Records for this exercise
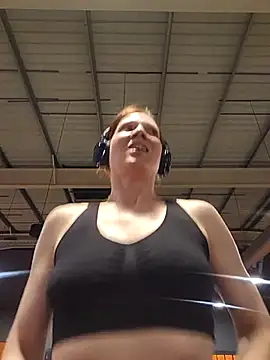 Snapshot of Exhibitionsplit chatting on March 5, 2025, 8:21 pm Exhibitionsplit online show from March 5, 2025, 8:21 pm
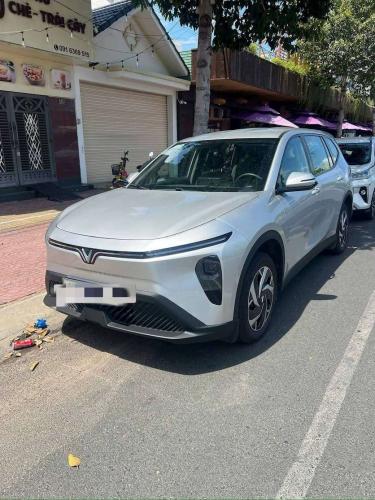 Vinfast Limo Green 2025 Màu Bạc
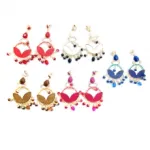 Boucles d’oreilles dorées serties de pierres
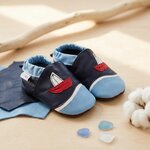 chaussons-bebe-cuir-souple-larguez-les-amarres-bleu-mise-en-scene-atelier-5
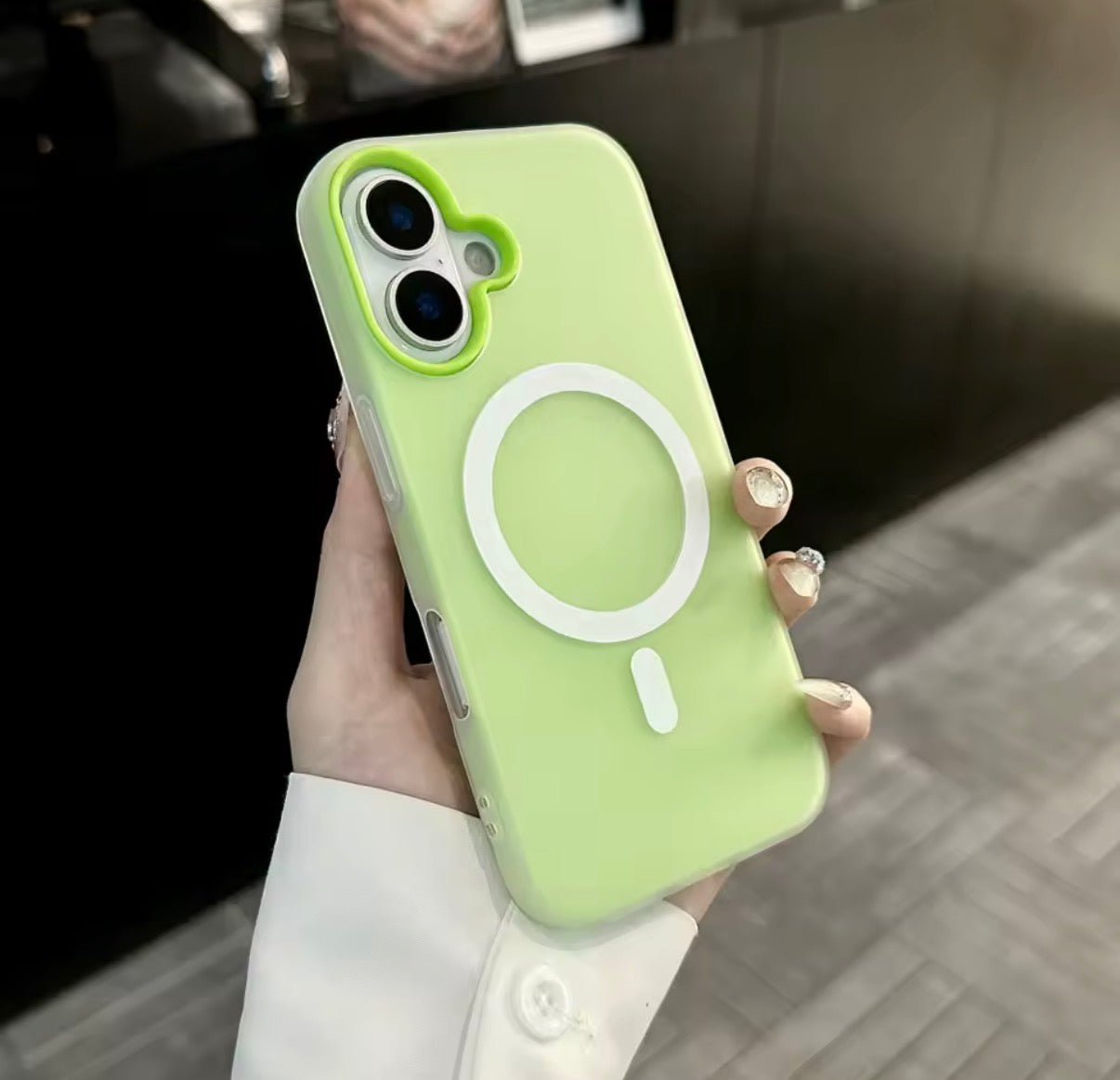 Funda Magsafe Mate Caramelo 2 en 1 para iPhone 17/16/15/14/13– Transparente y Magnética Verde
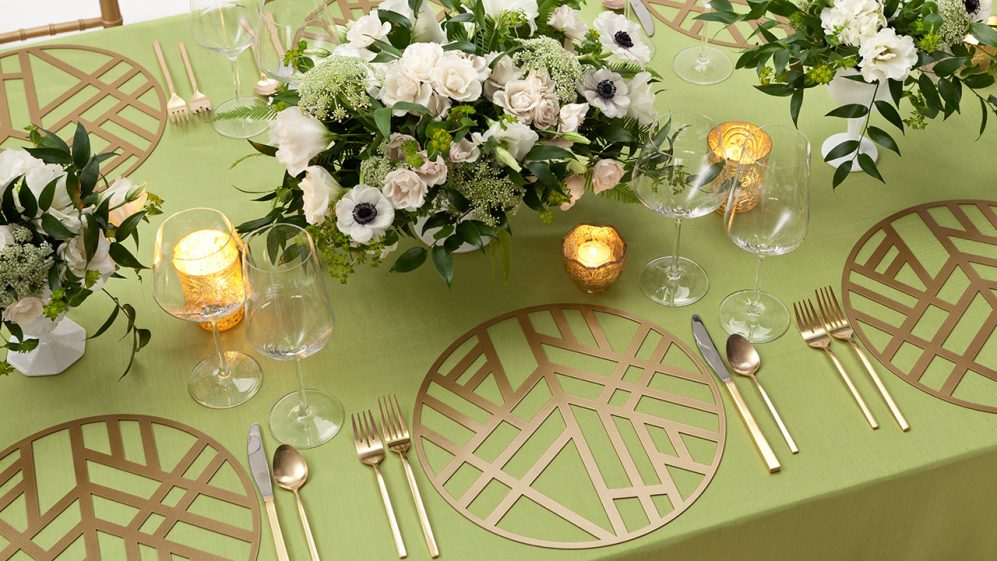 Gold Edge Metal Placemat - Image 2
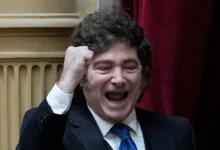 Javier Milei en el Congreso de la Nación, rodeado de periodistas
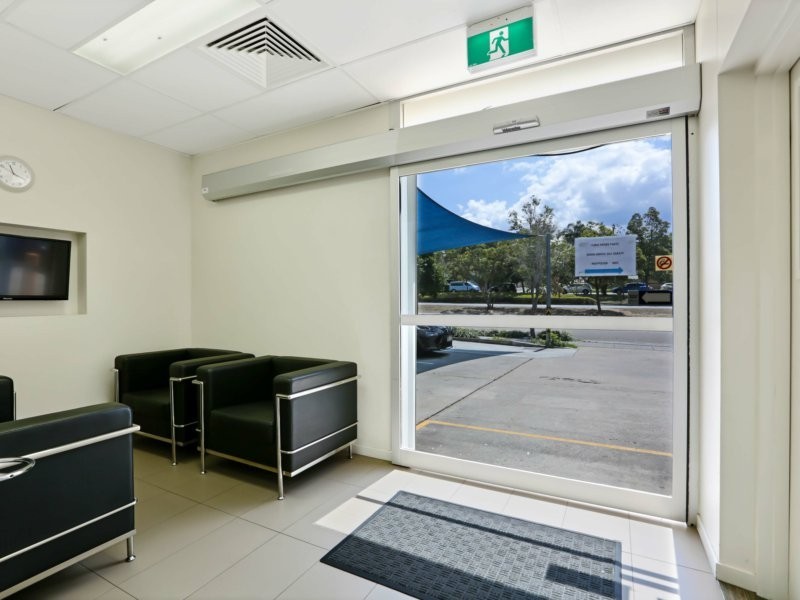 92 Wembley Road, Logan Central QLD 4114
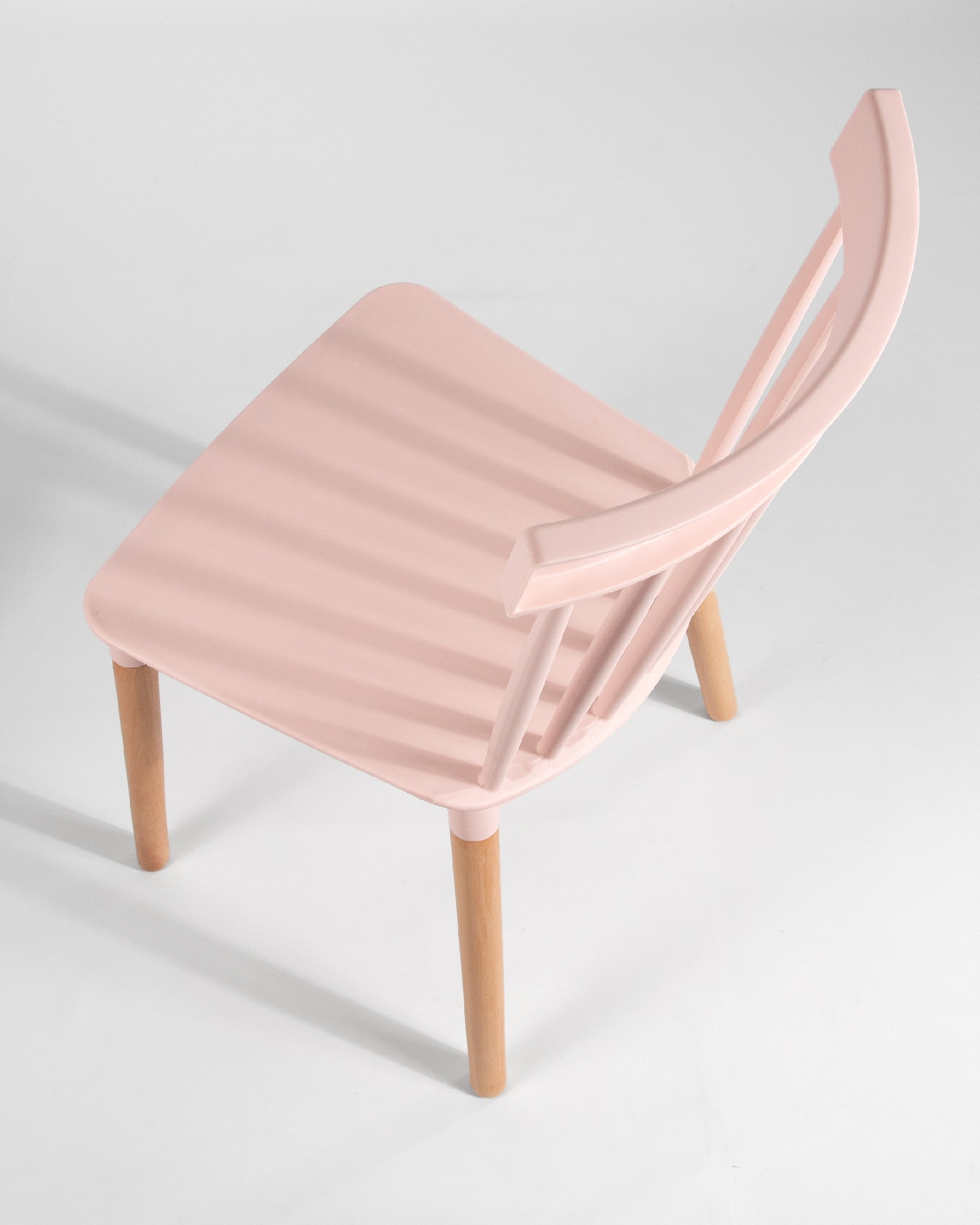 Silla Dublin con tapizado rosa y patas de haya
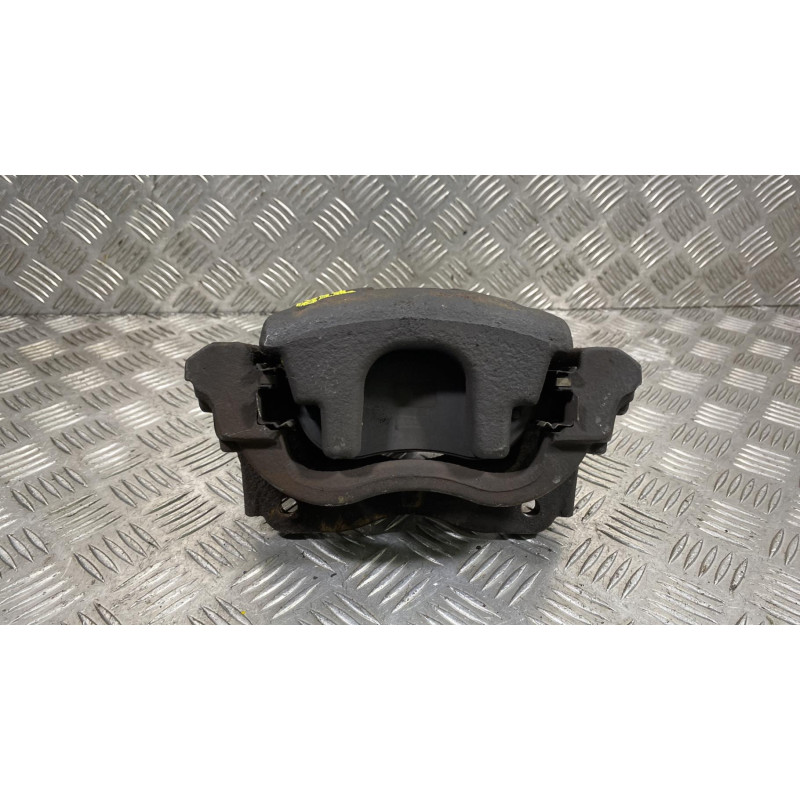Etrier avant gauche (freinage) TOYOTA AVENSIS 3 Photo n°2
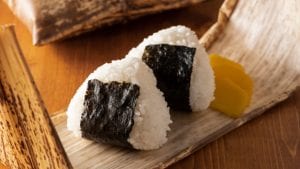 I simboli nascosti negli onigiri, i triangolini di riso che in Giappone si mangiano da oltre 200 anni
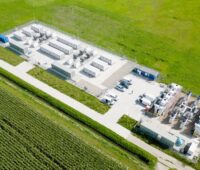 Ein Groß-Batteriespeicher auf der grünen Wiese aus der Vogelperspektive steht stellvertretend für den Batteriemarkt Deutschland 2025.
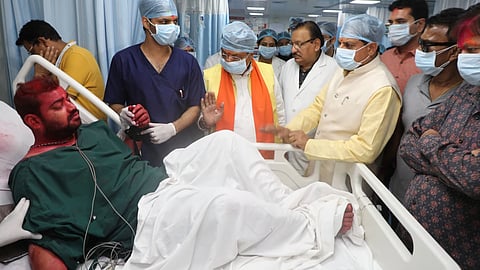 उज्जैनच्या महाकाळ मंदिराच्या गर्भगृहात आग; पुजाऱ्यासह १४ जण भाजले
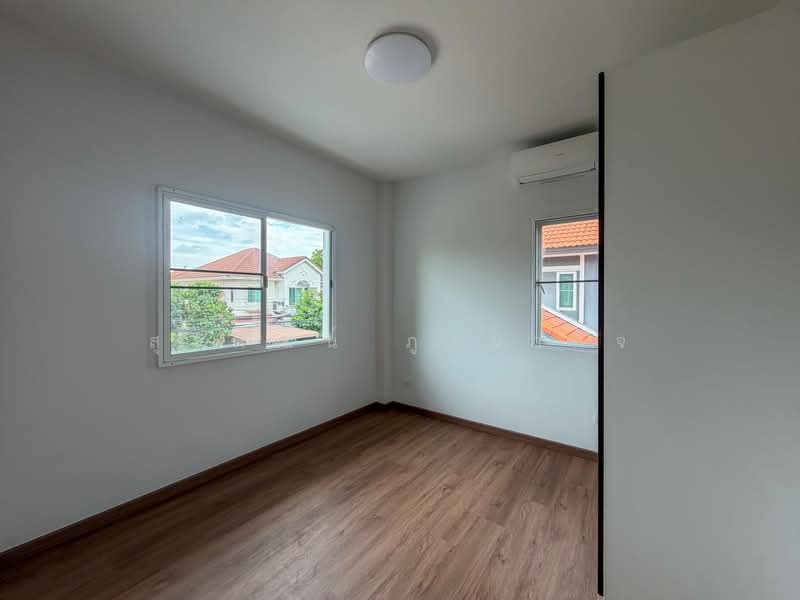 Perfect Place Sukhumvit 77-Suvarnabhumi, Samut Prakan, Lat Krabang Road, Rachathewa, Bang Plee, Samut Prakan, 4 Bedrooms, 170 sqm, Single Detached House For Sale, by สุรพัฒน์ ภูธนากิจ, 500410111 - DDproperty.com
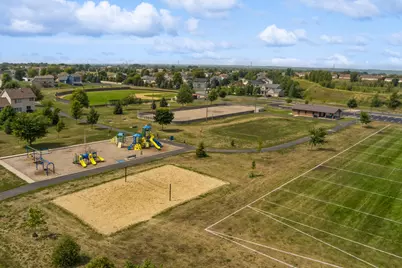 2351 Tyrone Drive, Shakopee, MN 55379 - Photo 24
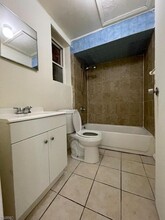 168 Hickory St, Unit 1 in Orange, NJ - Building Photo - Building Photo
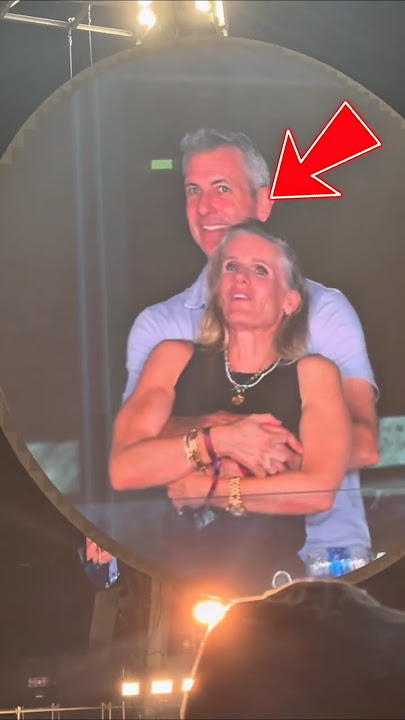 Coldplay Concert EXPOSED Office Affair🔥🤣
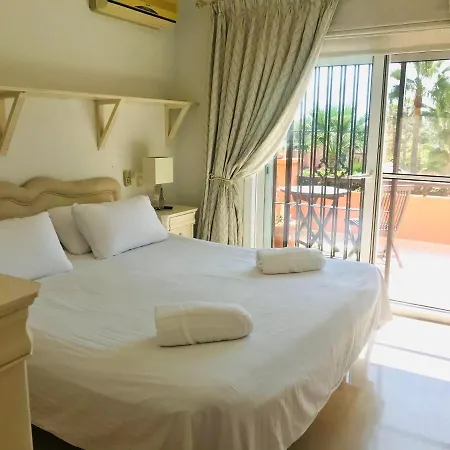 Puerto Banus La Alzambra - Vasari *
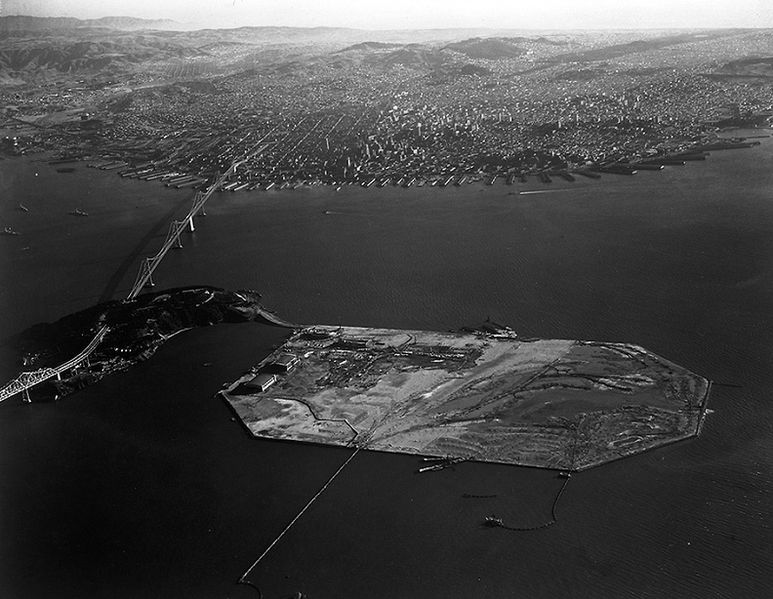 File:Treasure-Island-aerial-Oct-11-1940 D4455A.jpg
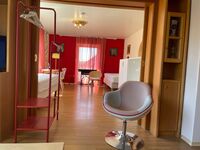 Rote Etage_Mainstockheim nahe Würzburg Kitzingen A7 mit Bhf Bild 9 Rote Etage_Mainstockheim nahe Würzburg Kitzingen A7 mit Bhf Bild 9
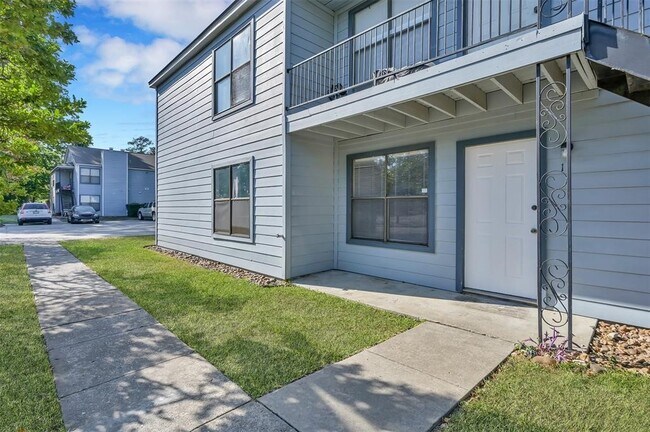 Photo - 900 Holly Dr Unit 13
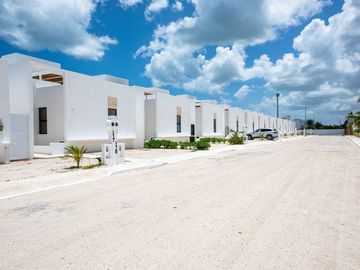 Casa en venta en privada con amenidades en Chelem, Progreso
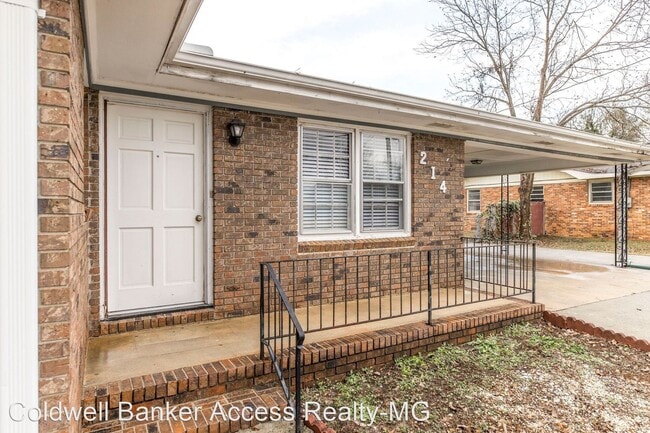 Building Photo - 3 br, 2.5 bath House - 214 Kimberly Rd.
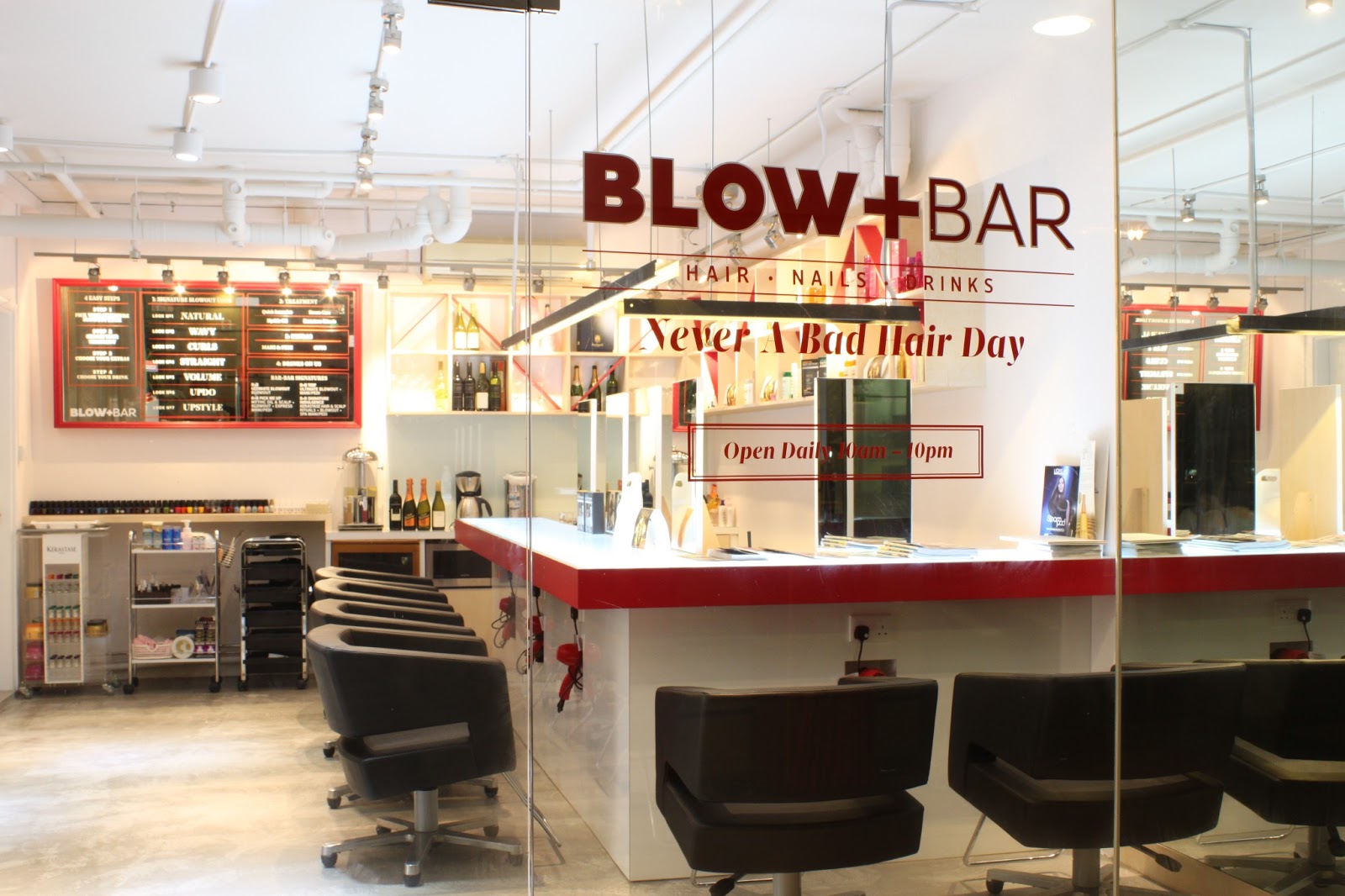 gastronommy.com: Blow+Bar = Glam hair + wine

Task item
Copy nothing but the lines from the start of the entries through the line with "Funda Magsafe Mate". Write them out exactly, without pictures.

Output for this task
 Snapshot of Exhibitionsplit chatting on March 5, 2025, 8:21 pm Exhibitionsplit online show from March 5, 2025, 8:21 pm
 Vinfast Limo Green 2025 Màu Bạc
 Boucles d’oreilles dorées serties de pierres
 chaussons-bebe-cuir-souple-larguez-les-amarres-bleu-mise-en-scene-atelier-5
 Funda Magsafe Mate Caramelo 2 en 1 para iPhone 17/16/15/14/13– Transparente y Magnética Verde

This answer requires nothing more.